If the particle is more than 5 mm away from the origin after 1 second, what is the probability the pollen grain moves by more than 10 mm between 1 and 4 seconds?

Solution. .

The displacement of the particle between 1 and 4 seconds is represented by $B(4) - B(1)$, which we know follows a $\text{Normal}(\mu=0, \sigma=\underbrace{\sqrt{4(4-1)}}_{\sqrt{12}})$ distribution.

Since the question does not indicate whether the displacement is positive or negative, we’re really interested in determining $P(|B(4) - B(1)| > 10)$. Because the distribution of $B(4) - B(1)$ is symmetric about $0$, this is the same as $2 P(B(4) - B(1) > 10)$ or $2 P(B(4) - B(1) < -10)$. \[\begin{align*} P(|B(4) - B(1)| > 10) &= 2 P(B(4) - B(1) > 10) \\ &= 2 P\big(\underbrace{\frac{B(4) - B(1) - 0}{\sqrt{12}}}_Z > \frac{10 - 0}{\sqrt{12}}\big) \\ &= 2 (1 - \Phi(\frac{10}{\sqrt{12}})) \\ &\approx .0039. \end{align*}\] b. The interval $(0, 1)$ does not overlap with the interval $(1, 4)$. Therefore, by the independent increments property, $B(1) = B(1) - B(0)$ is independent of $B(4) - B(1)$, and \[ P\Big(|B(4) - B(1)| > 10\ \big|\ |B(1)| > 5\Big) = P(|B(4) - B(1)| > 10) = .0039. \]

Brownian Motion as the Limit of a Random Walk

Brownian motion is the extension of a (discrete-time) random walk $\{ X[n]; n \geq 0 \}$ to a continuous-time process $\{ B(t); t \geq 0 \}$. The recipe is as follows:

Suppose the steps of the random walk happens at intervals of $\Delta t$ seconds. That is, \[ X(t) = X\left[\frac{t}{\Delta t}\right] \]
We let $\Delta t \to 0$. Since each step happens so quickly, it does not make sense to take steps of the same size. We should also rescale the size of the steps to be commensurate with how quickly they happen. The right rescaling is: \[ B(t) = \sqrt{\Delta t} X(t). \]

If we start with a discrete-time random walk and rescale time and step sizes in this way, we get Brownian motion. The animation below illustrates this.

Essential Practice

Brownian motion is used in finance to model short-term asset price fluctuation.

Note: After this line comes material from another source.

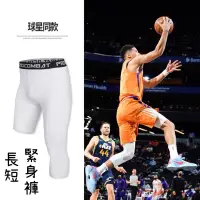 在飛比找蝦皮購物優惠-台灣出貨 NBA 球星同款運動七分束褲 七分束褲 長短束褲 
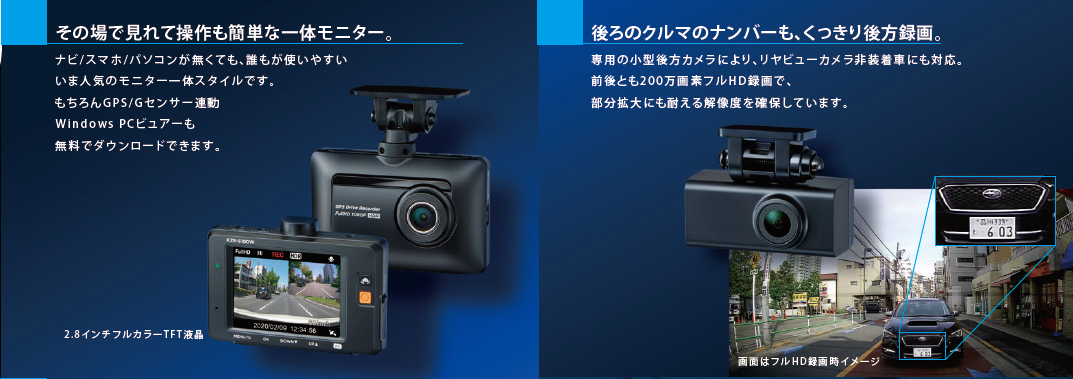 前後2カメラ 車用ドライブレコーダー♡1080P 200万画素カメラ 小型♡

Suppose the price (in dollars) of a barrel of crude oil varies according to a Brownian motion process; specifically, suppose the change in a barrel’s price $t$ days from now is modeled by Brownian motion $B(t)$ with $\alpha = .15$.
1. Find the probability that the price of a barrel of crude oil has changed by more than $1, in either direction, after 5 days.
2. Repeat (a) for a time interval of 10 days.
3. Given that the price has increased by $1 after one week (7 days), what is the probability that the price has increased by at least $2 after two weeks (14 days)?